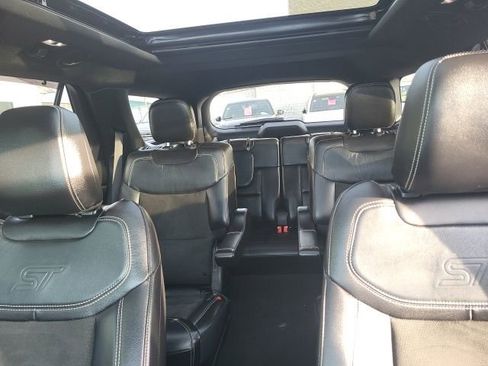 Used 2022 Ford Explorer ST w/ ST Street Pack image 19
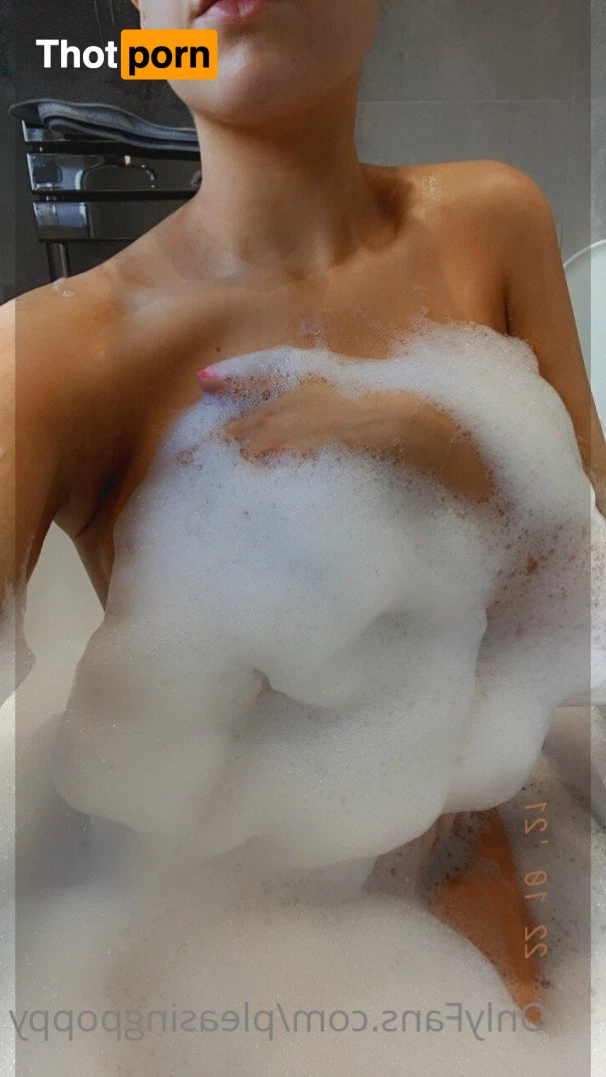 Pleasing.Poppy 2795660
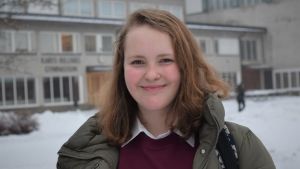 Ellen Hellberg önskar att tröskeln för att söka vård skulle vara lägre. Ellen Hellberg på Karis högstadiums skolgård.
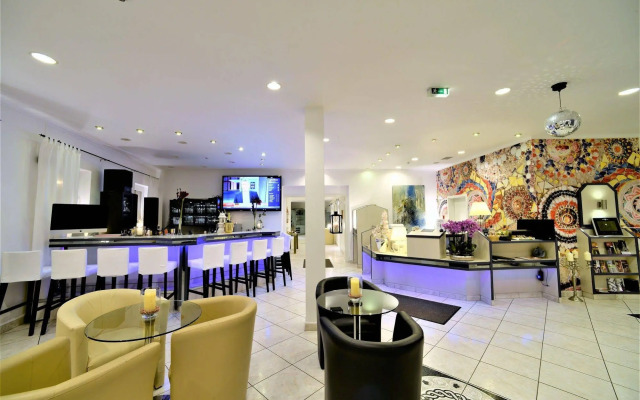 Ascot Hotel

#### YOUR OBJECTIVE
Copy out exactly, without any pictures, the lines above that begin at the one with "Pleasing.Poppy 2795660" and end at the last line of the listing.

#### SOLUTION BELOW
 Pleasing.Poppy 2795660
 Ellen Hellberg önskar att tröskeln för att söka vård skulle vara lägre. Ellen Hellberg på Karis högstadiums skolgård.
 Ascot Hotel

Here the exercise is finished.